Ah, the good old days!
Remember when you didn’t have to lock your door? Ah, the good old days! Remember when it was less than a pound for a pint? Ah, the good old days! Remember when Freddos were only 10p? Ah, the…actually that wasn’t that long ago! What I’m trying to work out is if these days were actually good or whether, as is very common, the whole rose-tinted glasses paradigm is being applied. The thing is, being born in the 80s, I don’t remember a time when we didn’t have to lock the door but looking back at TV and film from the Seventies and before, I’m not too surprised. There wasn’t much to nick. The TVs weren’t HD, there was only vinyl and maybe 8-track and even worse, no one wanted to nick a BBC Basic, even with a 7½ inch floppy. What’s more, you can still get a pint for a pound I would imagine from some student dive of a bar if you were so inclined. However, with regards to Freddos, I’d prefer not to discuss this…it’s too painful right now.
You see that’s the thing, ‘the good old days’ are selective. We remember the good bits and chose to forget, or at least ignore the lesser times. You may miss the hands-on feeling you got when you had to wind back in the tape of a cassette with a biro but not the frustration when it was the original cassette 1 of 2Unlimted’s Greatest Hits your brother bought you for Christmas and you’ve wound it back it too quick so the bloody thing has creased and on the verge of snapping. An absolute gem of a pressie too. Thanks Chris. It may be sad to think with the birth of the Internet that we’ll never have to look up something in an encyclopedia ever again; literally feeling the physical weight of knowledge teamed with that all-knowing musk of bound leather, but really…Google’s so handy to settle a disagreement, and not least at the pub quiz. (Isn’t it funny how busy the toilets are when the quiz is on?)
You see I think a hankering for the good old days isn’t necessarily a desire to do away with what we have now, nor is it to negate modern advances in society or even technology. It’s all to do with growing up. The more we live, the more we learn. That is unless you’re an avid Jeremy Kyle viewer. As a direct result we know more than our younger selves did and more than our counterparts did in the generation before us at the age we are now. (My brain hurts!) If we know more, we have more knowledge of what makes us happy but, as is the balance of life, we know of more things that worry us. Sadness is cancerous. It seems to spread quicker and more effectively than happiness. It’s seen as more interesting too, just look at modern journalism. We hear, see and read about scandal each and every day yet very seldom do we witness reports of positive things. It’s like the negative is more sexy, more real. Eastenders showing this example several times a week, with a bumper edition of depression with the Sunday Omnibus. (Do they still do that now that we have the iPlayer et al?)

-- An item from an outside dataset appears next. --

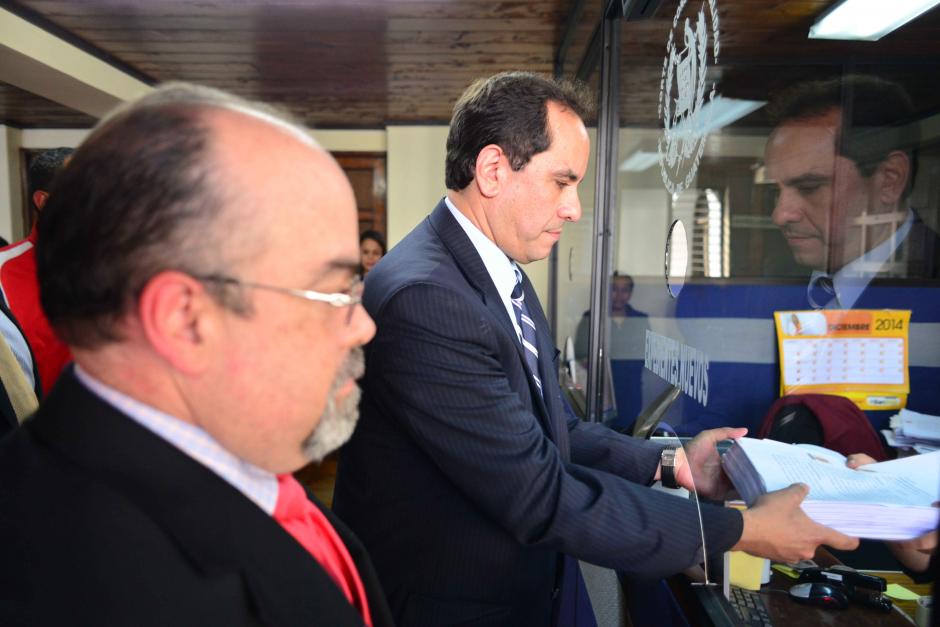 Alejandro Balsels y Francisco Esvertsz, abogados de Telefónica, presentaron un recurso de amparo en contra del Impuesto a la Telefonía aprobado por el Congreso dentro del Presupuesto. (Foto: Jesús Alfonso/Soy502)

With this in mind, it means we don’t want to be sad, but it seems that is at the core of who we are. The default is in which we reflect on times gone by. Not sad; melancholy. Nostalgia with feeling. Which can’t feature a big smile because then you’re not doing it right. Not thoughtful enough if you’re happy. In that sense, it means everything we have in the present is under par unless it existed in the exact same way during those days of old, which of course includes nothing. TV has changed, cars have developed, sport has evolved. Even Horlicks has a ‘New & Improved taste’.
BOVRIL! That’s been the same since Shep’s Great Grandmother was a pup. I had a cup the other week when walking along Crosby seafront which took me back to when I was a kid. Since then, Big Mac’s are smaller, Burger King’s chips have gone rubbish and music is just noise, but Bovril. Oh Bovril, thank you for being you. Thanks for staying just the same.
Bovril: the ‘good old days’…but now.